I am not sure to follow why they would be equally likely. Conditioned on the event that there are two sequences, if the bus driver picks “A” as a first member, then the first sequence must be all A’s. As I understand they just pick uniformly at random out of the list of room numbers, they do this with probability a / (a + m). Therefore, the sequence of A’s would have probability a / (a + m) of occurring first, conditioning on the fact there are exactly two sequences. What am I missing in thinking this way?
Thanks for the comment, Gabriel. Your description models a scenario where you pick the first person at random and say that is an american, you are then forced to pick all the a’s before picking up all the m’s. In this case, yes, the probability that you pick an a first is a/(a+m). But this is not the model of the puzzle. Here the conditional event is determined as follows: you have two groups (of potentially disparate size) a and m. pick one group. In this case the probability is half. To convince yourself, take a situation where you have 1 a and 2m. The only possible equally likely choices are a-m1-m2 ; a-m2-m1 ; m1-m2-a ; m2-m1-a. As you can see, there are exactly 2 choices each with one of the m’s last as m’s first.
in the case where you don’t re-scramble, the second case has a simple analytic form: 1 + 2ad/(a+d)
Thanks. That is an interesting result. Josh’s work can be seen here: https://joshmaxsilverman.github.io/2022-12-07-soccer-buses/
Sorry, but your proofs for part A are faulty. Let’s say there are 9 Americans and 1 Mexican. It’s obvious that the probability of the last shuttle carrying a Mexican is only 9/10, equal to the probability of the Mexican being picked last, and not 50%.
While all possible transfers involving 2 shuttles have an equal probability for the Mexican or the Americans going first, all transfers with 3 shuttles can only result in some Americans first – 1 Mexican – some Americans last. The last trip has to be with Americans. This disproves your assumption “And since any real sequence of fans and shuttles has to reach a point with two shuttles needed, there is equal probability that the last shuttle carries Americans as Mexicans”

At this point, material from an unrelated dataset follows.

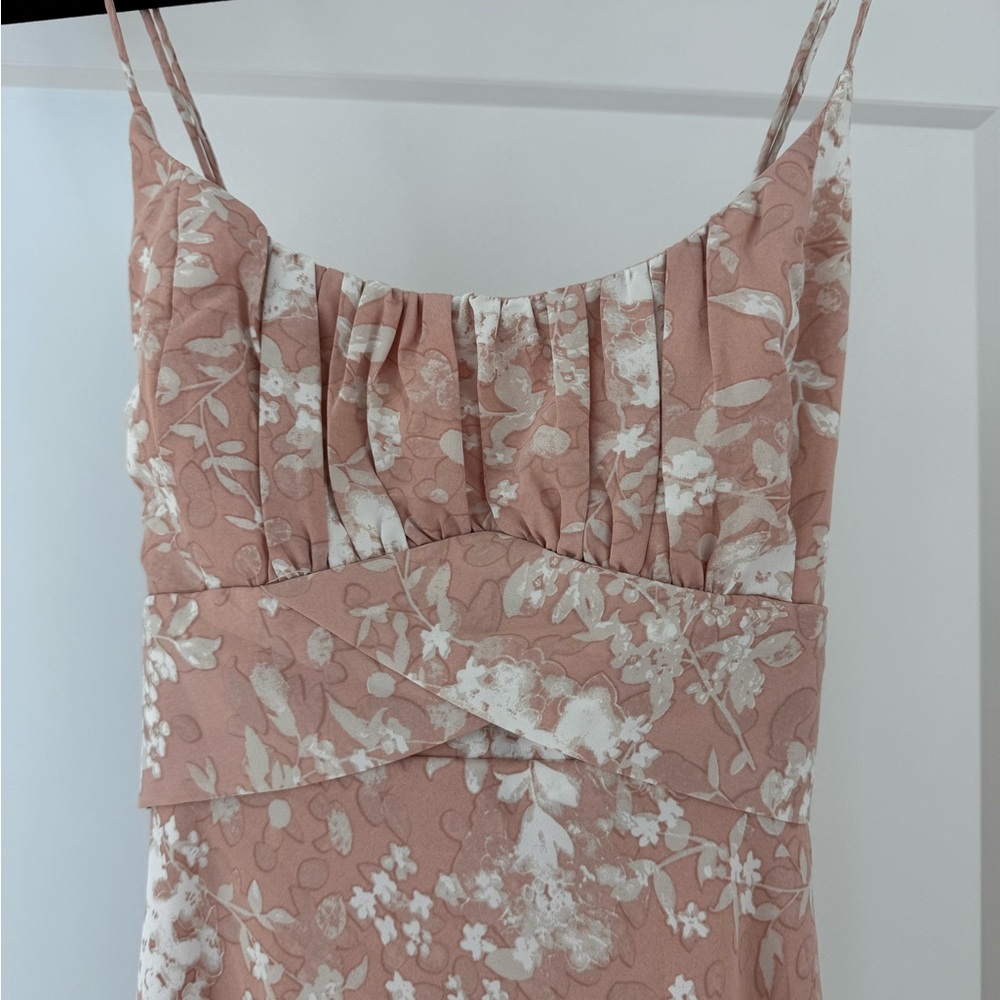 Selfie Leslie Pink Floral Midi Dress - Picture 5 of 6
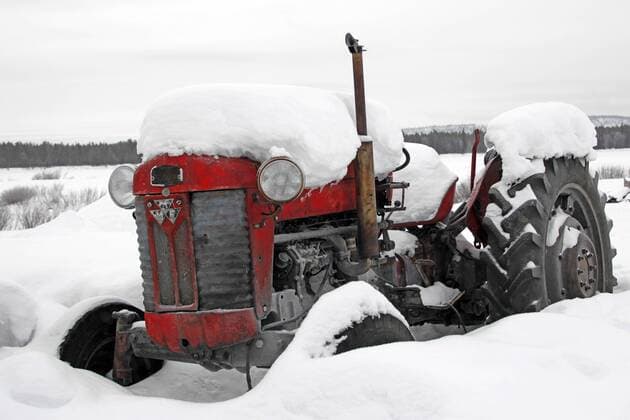 eingeschneiter alter Traktor , Finnland, Lappland snow covered old tractor, Finland, Lapland BLWS357515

The problem with your induction proof is that the induction hypothesis assumes the 50% probability being true for all values smaller or equal to a, m. But the case a +1, m – k is NOT covered by this assumption. Hence, the proof by induction is not valid.
Thanks for the comment, Wolfgang. It appears you might have misunderstood the question. Every time a shuttle leaves, the process re-starts with all the remaining fans. So it is entirely possible that two consecutive shuttles have Americans. So in the case where 3 shuttles are required, it is possible to have AMA, AAM, or MA. Perhaps re-reading the solution with this info will help. Alternatively you could try the simulation with the included code to convince yourself.

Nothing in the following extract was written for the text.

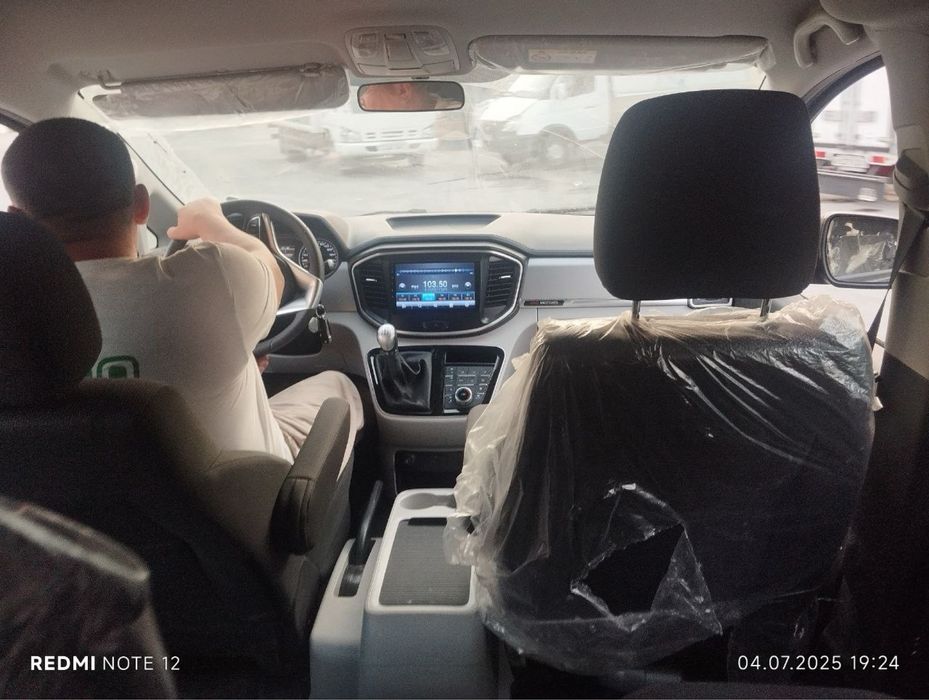 JAK M4 11 o’rindiqli sotiladi Toza metan 25yil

Re. Induction: if it is true for a,m (and all values a,m smaller than a,m) then it is shown to be true for a+1,m or a, m+1. So it is true for a+1,m-k where m is now just m-k.
Sorry, my fault. I had the wording of the Riddler version in mind where it’s not explicitly stated that a fan of a different nation is sent back to the bar, so i assumed he’d be the first on the next shuttle.